*WORK INSTRUCTION*
Find and copy every line in the records that includes the string "bottom".

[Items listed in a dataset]
-*-*-

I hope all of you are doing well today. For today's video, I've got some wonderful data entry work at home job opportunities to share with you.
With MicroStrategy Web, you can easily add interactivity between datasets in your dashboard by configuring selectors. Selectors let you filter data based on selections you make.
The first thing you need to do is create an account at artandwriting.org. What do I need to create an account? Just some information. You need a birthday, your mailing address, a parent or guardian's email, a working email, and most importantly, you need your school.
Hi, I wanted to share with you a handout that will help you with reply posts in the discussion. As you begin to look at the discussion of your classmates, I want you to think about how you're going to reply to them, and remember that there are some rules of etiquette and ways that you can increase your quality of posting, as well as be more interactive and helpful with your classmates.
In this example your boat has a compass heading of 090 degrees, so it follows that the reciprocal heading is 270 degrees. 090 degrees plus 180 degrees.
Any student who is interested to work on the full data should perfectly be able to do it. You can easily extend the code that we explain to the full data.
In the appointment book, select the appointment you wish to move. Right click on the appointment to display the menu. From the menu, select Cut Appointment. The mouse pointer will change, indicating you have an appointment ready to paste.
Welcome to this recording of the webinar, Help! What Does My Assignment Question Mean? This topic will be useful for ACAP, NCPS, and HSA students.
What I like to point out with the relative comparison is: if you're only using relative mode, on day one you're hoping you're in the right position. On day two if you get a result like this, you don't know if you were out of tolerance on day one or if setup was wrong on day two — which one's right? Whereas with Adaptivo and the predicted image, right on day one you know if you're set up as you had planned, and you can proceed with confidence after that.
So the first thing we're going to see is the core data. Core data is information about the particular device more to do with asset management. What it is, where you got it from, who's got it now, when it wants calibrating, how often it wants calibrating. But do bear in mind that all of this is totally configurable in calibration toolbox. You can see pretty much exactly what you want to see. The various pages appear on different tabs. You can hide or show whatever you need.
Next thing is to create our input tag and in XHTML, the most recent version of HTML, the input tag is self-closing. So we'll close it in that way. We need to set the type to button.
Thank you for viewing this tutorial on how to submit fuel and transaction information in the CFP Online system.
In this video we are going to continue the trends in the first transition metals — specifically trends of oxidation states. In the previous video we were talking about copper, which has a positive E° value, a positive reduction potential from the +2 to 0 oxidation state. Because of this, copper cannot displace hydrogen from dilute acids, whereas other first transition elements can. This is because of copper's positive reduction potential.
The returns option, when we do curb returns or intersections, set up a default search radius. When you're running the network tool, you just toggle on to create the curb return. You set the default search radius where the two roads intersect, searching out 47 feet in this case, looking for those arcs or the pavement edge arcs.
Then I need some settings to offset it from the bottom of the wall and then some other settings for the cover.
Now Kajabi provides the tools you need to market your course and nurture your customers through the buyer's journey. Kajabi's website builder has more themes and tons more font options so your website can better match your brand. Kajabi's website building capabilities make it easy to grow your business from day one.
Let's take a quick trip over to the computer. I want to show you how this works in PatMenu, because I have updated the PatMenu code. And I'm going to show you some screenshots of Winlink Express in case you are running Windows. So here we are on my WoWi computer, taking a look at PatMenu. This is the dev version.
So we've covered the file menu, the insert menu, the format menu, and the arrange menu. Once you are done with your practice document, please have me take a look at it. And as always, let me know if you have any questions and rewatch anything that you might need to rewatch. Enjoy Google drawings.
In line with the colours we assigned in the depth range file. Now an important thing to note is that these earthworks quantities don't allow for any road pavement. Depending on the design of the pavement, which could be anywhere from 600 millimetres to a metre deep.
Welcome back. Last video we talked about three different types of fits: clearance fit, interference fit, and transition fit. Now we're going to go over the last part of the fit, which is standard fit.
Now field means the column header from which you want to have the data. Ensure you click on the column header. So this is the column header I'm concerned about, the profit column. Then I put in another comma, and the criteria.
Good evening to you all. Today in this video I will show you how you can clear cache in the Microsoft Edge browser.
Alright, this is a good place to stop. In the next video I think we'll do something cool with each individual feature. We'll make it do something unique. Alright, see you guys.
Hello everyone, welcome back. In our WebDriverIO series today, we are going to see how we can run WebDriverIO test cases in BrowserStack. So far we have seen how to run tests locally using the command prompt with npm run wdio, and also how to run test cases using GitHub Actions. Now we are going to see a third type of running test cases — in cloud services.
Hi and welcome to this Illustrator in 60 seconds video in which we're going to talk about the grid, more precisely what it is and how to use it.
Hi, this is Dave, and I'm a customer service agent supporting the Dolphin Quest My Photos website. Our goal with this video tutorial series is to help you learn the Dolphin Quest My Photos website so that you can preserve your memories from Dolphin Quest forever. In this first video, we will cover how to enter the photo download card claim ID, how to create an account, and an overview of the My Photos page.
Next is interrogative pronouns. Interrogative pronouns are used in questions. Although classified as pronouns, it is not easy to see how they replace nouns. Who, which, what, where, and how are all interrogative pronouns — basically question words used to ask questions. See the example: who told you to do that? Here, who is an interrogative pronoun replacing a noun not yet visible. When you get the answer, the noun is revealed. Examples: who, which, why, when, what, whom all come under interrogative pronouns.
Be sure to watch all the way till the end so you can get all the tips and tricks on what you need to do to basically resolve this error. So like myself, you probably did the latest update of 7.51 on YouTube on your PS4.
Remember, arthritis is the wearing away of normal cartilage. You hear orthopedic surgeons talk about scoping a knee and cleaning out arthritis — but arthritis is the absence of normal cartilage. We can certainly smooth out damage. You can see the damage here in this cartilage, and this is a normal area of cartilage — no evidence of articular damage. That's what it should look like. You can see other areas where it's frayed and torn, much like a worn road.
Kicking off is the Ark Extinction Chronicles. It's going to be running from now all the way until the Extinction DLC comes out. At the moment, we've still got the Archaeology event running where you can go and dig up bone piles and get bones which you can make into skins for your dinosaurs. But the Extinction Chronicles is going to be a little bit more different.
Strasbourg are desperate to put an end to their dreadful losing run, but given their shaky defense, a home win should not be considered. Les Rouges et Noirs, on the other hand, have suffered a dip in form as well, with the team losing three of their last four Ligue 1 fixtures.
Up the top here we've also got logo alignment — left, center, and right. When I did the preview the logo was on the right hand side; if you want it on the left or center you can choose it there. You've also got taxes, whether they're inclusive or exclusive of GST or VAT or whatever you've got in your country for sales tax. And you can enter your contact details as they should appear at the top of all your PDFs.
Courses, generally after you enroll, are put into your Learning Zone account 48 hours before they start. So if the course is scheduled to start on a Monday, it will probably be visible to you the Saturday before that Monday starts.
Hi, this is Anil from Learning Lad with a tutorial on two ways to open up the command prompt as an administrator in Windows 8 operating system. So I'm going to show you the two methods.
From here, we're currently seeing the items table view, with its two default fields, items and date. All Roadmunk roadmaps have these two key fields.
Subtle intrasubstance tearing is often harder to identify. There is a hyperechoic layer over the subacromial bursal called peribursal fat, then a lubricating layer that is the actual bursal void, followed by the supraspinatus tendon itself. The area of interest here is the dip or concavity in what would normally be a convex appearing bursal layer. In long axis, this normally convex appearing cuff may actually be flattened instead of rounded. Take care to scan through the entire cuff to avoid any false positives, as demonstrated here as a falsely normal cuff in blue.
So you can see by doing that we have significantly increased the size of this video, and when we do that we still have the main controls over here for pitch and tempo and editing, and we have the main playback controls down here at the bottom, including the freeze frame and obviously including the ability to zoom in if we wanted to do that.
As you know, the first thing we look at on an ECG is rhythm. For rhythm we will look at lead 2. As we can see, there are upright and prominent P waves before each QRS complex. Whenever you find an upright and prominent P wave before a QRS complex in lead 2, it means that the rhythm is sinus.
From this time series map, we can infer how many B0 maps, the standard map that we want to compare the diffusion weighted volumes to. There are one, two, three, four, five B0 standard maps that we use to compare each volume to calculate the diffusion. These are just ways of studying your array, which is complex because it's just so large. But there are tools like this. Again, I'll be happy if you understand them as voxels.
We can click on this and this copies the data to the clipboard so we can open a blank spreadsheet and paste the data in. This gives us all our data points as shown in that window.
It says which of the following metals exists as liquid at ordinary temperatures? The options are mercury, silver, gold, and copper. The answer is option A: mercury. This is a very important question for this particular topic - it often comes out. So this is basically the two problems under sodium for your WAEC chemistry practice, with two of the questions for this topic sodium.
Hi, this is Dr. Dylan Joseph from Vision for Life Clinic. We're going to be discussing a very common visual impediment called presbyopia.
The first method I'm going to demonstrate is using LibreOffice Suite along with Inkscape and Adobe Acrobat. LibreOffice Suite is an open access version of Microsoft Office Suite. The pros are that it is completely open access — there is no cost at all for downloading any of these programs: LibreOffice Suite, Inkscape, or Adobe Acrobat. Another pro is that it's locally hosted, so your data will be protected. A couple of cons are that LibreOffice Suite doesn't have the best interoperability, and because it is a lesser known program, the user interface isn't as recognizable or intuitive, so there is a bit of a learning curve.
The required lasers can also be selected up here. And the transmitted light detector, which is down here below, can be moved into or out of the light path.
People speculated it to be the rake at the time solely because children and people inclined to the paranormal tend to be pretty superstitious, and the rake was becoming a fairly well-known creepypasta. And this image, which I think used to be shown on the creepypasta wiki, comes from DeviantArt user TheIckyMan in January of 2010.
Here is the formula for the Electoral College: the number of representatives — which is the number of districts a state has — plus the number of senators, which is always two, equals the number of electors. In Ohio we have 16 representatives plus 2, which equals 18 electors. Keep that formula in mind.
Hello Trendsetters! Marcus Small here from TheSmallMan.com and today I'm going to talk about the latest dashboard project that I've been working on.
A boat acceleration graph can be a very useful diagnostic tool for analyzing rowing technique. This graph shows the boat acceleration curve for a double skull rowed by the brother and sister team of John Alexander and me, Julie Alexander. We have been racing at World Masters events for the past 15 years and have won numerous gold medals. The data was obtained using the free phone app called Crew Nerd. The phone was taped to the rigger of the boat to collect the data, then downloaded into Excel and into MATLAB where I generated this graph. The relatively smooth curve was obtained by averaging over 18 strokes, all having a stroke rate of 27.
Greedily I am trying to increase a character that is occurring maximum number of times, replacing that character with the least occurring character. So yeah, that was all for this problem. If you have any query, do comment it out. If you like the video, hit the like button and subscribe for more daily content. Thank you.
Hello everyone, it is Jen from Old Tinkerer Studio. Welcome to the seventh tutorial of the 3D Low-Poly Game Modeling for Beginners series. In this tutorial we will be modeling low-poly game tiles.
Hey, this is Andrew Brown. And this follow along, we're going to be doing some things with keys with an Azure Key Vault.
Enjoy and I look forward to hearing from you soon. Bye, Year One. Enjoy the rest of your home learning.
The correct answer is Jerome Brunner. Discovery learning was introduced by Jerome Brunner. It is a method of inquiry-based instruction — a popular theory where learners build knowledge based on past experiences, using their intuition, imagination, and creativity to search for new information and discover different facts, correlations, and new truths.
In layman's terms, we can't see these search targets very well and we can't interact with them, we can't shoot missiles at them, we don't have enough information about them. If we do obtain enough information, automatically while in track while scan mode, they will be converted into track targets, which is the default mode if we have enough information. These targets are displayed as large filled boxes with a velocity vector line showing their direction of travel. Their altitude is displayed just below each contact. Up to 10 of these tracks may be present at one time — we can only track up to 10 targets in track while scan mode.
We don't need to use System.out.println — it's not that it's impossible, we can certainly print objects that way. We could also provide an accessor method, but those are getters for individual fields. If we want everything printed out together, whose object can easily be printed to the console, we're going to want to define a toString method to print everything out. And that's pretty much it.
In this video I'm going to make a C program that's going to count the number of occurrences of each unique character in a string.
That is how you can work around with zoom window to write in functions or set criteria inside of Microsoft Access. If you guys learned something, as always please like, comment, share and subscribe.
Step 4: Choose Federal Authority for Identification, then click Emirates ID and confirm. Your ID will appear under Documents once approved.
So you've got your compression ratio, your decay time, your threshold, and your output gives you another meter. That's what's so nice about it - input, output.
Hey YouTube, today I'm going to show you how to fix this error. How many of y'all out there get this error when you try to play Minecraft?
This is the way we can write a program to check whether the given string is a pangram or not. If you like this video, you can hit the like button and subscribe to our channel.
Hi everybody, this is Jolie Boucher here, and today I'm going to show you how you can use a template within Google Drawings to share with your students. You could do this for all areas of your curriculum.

-*-*-

*SOLUTION TO THE PROBLEM*
Then I need some settings to offset it from the bottom of the wall and then some other settings for the cover.
So you can see by doing that we have significantly increased the size of this video, and when we do that we still have the main controls over here for pitch and tempo and editing, and we have the main playback controls down here at the bottom, including the freeze frame and obviously including the ability to zoom in if we wanted to do that.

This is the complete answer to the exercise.